## [Assigned task]
From the records below, transcribe exactly the lines that begin at the line with "هزینه سفر به گرجستان" and end at the line with "Lot 320 Farmington", both included.

[Data records]
= Beginning of Section =
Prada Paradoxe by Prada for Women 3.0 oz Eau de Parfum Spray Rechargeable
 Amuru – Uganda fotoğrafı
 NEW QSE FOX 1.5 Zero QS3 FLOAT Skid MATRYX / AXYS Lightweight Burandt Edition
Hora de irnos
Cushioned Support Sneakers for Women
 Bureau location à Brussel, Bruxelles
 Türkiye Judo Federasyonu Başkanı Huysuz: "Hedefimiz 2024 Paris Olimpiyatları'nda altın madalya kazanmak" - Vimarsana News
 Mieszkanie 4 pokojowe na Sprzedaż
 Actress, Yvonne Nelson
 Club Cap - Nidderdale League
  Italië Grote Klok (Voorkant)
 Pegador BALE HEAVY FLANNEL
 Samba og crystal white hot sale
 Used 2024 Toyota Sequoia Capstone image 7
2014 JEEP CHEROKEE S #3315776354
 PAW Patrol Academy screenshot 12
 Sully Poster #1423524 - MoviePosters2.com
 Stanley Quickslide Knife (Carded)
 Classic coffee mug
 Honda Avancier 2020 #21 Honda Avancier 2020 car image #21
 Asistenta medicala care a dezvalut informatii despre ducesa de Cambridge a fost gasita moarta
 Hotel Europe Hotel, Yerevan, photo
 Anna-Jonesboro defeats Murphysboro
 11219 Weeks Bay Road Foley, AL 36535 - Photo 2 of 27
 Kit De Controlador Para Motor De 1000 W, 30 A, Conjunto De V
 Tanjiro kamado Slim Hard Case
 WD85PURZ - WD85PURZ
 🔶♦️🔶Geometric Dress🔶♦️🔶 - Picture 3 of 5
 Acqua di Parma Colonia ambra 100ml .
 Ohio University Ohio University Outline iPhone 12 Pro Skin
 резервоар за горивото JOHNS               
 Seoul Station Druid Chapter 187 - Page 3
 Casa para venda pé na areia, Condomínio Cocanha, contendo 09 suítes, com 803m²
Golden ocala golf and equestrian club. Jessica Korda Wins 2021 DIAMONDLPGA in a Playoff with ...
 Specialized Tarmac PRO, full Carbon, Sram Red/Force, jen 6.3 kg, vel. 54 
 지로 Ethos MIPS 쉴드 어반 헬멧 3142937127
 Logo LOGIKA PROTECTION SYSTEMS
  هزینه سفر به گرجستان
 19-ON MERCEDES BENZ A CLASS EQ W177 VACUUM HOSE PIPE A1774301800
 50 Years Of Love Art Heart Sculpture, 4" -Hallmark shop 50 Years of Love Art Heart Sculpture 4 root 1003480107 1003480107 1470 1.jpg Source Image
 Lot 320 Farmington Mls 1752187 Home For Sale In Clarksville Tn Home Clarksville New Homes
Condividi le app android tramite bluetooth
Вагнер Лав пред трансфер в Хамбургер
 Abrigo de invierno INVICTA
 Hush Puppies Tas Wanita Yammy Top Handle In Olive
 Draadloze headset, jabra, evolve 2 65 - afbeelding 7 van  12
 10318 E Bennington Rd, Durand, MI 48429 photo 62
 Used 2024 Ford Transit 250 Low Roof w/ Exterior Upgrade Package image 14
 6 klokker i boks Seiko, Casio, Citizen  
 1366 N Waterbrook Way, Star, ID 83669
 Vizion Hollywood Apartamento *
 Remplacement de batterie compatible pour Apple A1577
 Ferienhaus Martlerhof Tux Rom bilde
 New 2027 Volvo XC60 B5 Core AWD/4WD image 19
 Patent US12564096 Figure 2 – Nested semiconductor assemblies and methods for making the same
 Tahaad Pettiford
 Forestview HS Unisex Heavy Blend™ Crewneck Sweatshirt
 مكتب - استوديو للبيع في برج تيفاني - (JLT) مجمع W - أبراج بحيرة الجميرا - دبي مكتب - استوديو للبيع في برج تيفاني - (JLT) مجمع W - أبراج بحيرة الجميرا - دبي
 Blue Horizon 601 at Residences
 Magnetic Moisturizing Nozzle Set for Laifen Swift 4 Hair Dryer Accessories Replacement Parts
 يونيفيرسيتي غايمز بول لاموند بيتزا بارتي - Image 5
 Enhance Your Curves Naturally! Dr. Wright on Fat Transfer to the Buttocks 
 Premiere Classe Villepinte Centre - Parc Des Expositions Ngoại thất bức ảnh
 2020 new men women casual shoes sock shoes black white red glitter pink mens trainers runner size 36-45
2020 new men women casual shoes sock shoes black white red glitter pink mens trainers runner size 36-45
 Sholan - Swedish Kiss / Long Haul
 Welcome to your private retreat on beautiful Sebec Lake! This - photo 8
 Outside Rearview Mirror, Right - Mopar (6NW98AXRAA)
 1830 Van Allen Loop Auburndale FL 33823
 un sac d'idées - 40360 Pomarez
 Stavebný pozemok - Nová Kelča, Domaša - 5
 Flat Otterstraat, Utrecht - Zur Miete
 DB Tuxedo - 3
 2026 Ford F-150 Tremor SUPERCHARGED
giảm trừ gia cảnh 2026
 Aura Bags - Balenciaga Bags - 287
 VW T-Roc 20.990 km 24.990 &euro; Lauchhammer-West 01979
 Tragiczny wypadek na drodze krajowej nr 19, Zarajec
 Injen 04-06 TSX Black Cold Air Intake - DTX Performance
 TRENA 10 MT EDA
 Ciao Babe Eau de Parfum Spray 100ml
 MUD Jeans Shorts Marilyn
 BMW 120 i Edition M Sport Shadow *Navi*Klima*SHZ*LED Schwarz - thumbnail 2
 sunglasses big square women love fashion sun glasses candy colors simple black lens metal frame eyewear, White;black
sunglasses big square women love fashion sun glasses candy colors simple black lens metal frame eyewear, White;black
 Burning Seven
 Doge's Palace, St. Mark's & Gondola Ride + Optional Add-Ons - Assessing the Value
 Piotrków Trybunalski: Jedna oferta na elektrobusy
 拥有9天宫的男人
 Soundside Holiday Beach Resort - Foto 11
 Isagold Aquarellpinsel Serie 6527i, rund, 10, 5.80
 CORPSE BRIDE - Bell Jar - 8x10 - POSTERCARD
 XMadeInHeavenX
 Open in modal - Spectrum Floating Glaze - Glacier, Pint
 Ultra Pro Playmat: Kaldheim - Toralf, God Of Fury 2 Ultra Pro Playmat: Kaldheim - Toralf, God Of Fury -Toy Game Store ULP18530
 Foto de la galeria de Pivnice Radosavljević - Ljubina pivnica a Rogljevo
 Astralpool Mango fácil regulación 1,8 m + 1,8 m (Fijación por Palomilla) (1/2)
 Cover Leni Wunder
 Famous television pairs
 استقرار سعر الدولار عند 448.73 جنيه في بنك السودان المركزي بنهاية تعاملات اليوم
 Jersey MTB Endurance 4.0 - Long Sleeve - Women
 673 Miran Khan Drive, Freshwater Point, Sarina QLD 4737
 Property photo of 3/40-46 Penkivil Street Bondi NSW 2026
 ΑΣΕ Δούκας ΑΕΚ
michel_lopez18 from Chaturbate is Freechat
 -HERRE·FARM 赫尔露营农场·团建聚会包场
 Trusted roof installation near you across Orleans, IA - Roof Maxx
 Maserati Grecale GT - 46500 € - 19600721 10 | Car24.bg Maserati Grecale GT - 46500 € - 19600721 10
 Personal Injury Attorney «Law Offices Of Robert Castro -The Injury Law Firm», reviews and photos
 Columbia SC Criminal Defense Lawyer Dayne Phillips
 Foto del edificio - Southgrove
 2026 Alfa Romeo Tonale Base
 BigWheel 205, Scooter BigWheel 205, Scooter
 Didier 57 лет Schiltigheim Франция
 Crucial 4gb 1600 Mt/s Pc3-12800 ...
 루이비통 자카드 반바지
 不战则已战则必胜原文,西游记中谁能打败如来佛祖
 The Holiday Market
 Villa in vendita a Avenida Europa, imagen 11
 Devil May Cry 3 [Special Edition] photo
= End of Section =
## [Task result]
  هزینه سفر به گرجستان
 19-ON MERCEDES BENZ A CLASS EQ W177 VACUUM HOSE PIPE A1774301800
 50 Years Of Love Art Heart Sculpture, 4" -Hallmark shop 50 Years of Love Art Heart Sculpture 4 root 1003480107 1003480107 1470 1.jpg Source Image
 Lot 320 Farmington Mls 1752187 Home For Sale In Clarksville Tn Home Clarksville New Homes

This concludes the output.